TASK TO CARRY OUT:
None of the pictures should appear; the lines from the line containing "Color, I3 Clarity)" through the last line of the listing must be repeated exactly.

THE DATA:
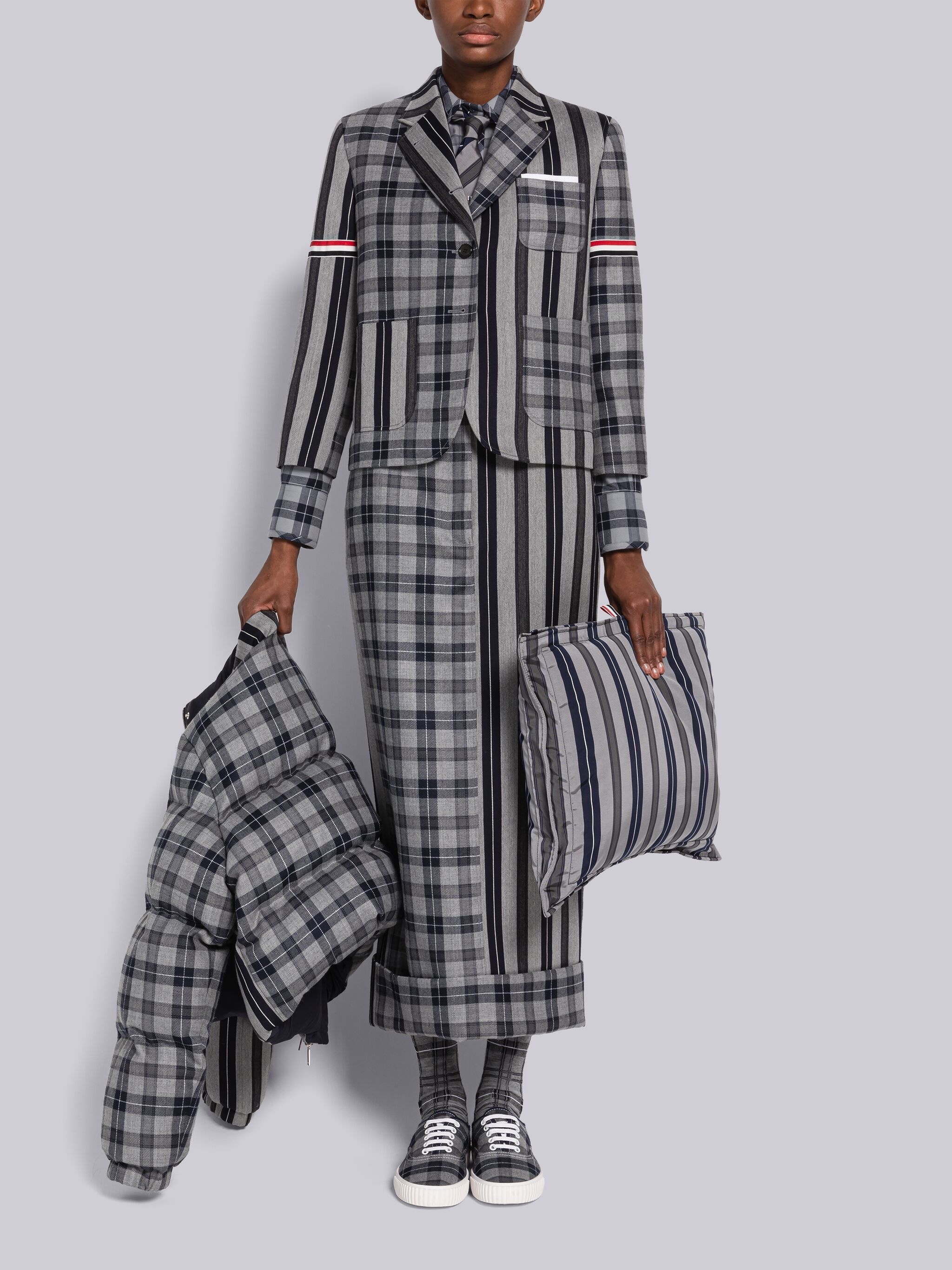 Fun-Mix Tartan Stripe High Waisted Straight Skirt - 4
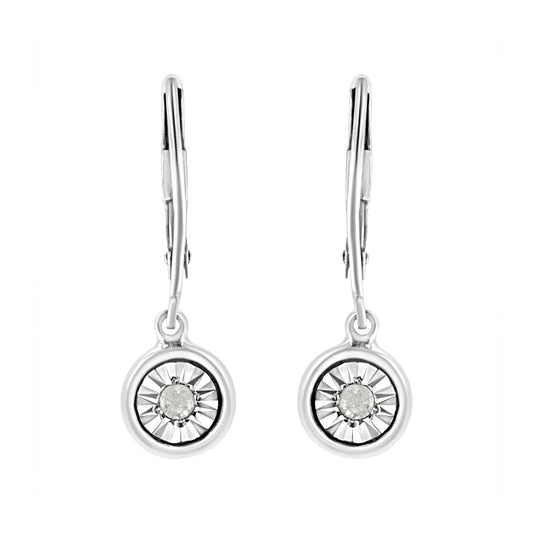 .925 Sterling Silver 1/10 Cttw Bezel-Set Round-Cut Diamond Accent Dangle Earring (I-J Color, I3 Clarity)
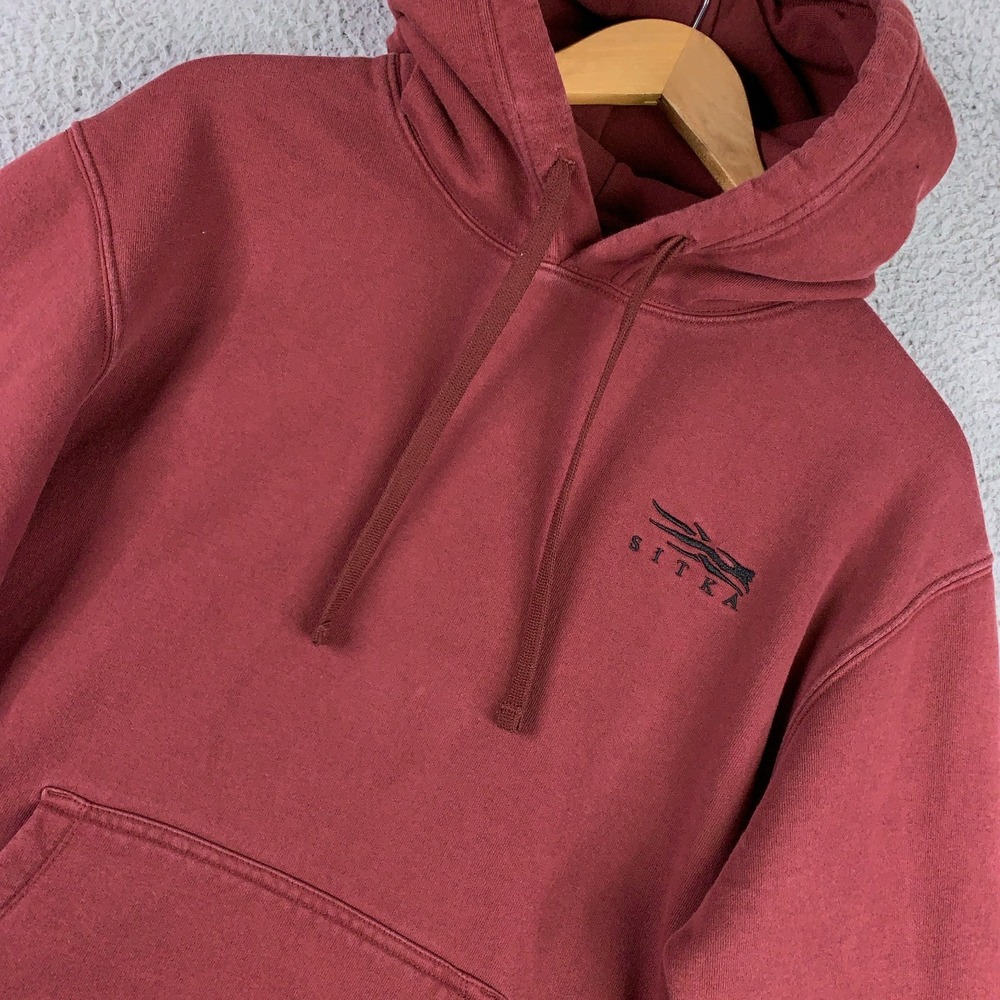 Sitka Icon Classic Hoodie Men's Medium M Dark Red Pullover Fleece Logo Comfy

ANSWER BELOW:
 .925 Sterling Silver 1/10 Cttw Bezel-Set Round-Cut Diamond Accent Dangle Earring (I-J Color, I3 Clarity)
 Sitka Icon Classic Hoodie Men's Medium M Dark Red Pullover Fleece Logo Comfy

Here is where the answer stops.